Generally yes, though it's always safest to check to make sure you're not deleting any files that actively held open by running processes. You can do this by:

	fstat -f /tmp

(or if /tmp is not it's own filesystem -- if it lives on the `/' partition that is)

	fstat | grep /tmp

If you a find a process that has open file descriptors in `/tmp', you can do two things:

1. You can kill the process (the third column in the output of fstat(1) is the process ID or PID). Continue until no processes are left holding open file-descriptors in `/tmp'. Then it would be safe to wipe everything in that directory.

2. You can avoid removing the files that are open. The sixth column in the output of fstat(1) is the inode/inum of the file on the device/mount (the device/mount column is the fifth column, just to the left of the inode/inum column).
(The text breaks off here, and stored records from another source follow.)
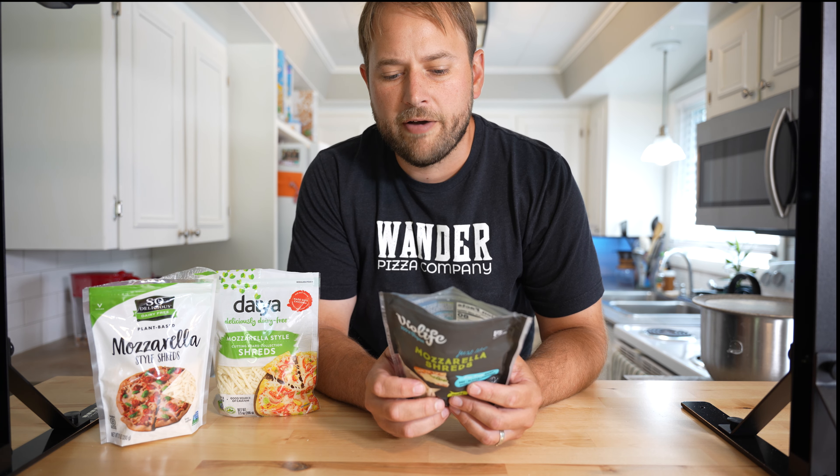Next up is the Daiya. It doesn't really look like cheese to me. It definitely has a chemical smell. Ingredients include water, tapioca flour, safflower, natural flavors, chickpea, yeast, and so on. Yeah, that's gross. Not sure what that flavor is. That's not cheese though.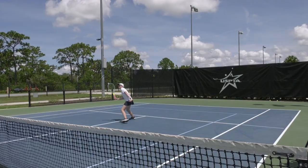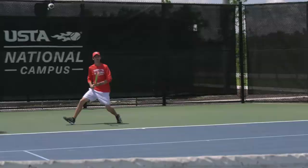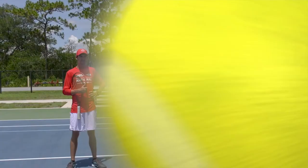Neutral. Neutral. Attack. Defend. Attack. Defend. That was so cool. Neutral, attack, defend.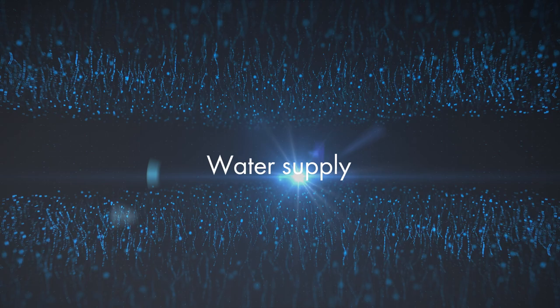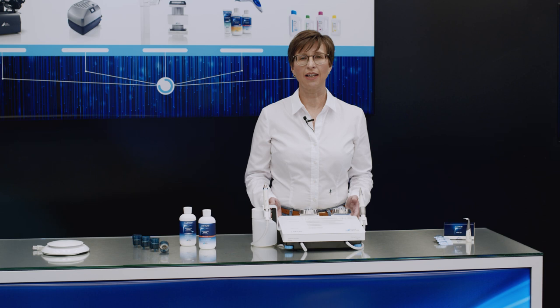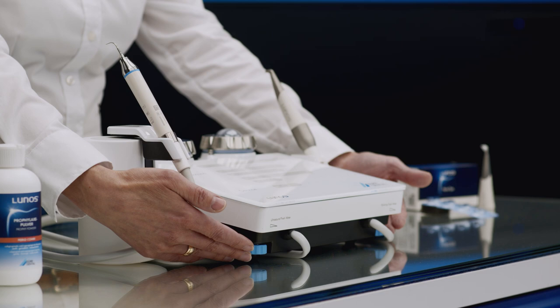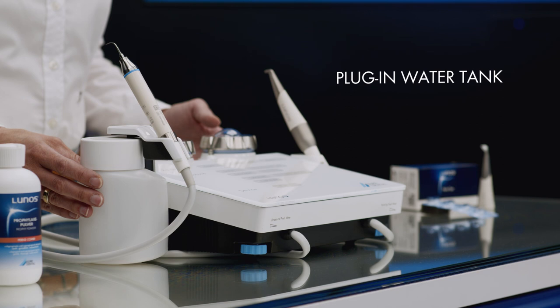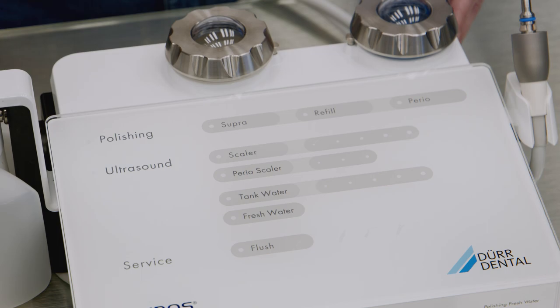MyLUNOS DUO offers two different water supply options. In the first option, the device can be connected directly to the mains water connection of the dental unit, and the amount of water is then regulated via the two dials. Alternatively, if an ultrasound application is being used, there is the option to supply the water via the plug-in water tank. The water tank has a capacity of 500 milliliters, and the amount of water is adjusted via the device display. The supplied treatment water is warmed inside the device, making the treatment a more pleasant experience.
You can descend into `/tmp' and say `ls -li' to show the inode numbers, or you can say `find /tmp -inum INODE' to find the associated file. You would want to avoid deleting that file because a running process has it open.


In addition, there's an alternative way to clear the temporary files of a system (FreeBSD-5.0 and higher):

	
	(as root or with sudo(8)) sh -c 'clear_tmp_enable=YES; /etc/rc.d/cleartmp start'

NOTE: Unless you've customized your rc.conf(5) files to change the defaults, clear_tmp_enable defaults to "NO" and clear_tmp_X defaults to "YES" (see `/etc/defaults/rc.conf'), so passing a "start" to this rc.d script will (by default) only clear out the X related temporary files located in `/tmp', whereas the above command will get the rc.d script to a full cleanup of `/tmp' (regardless of whether you've customized rc.conf(5) or not).

The rc.d script (cleartmp) _does_ do a slightly more sophisticated clean-up of the `/tmp' directory in that it will not kill-off the `lost+found' directory if it exists, and will also ignore `quota.user'/`quota.group' files. Lastly, it will recreate the X11 socket directories (`.X11-unix', `.ICE-unix', `.XIM-unix', and `.font-unix').

In addition, the above command is better in that it will clean up files beginning with `.' whereas your command which only specified "rm -Rf /tmp/*" won't get files that begin with `.' (of which there may be numerous).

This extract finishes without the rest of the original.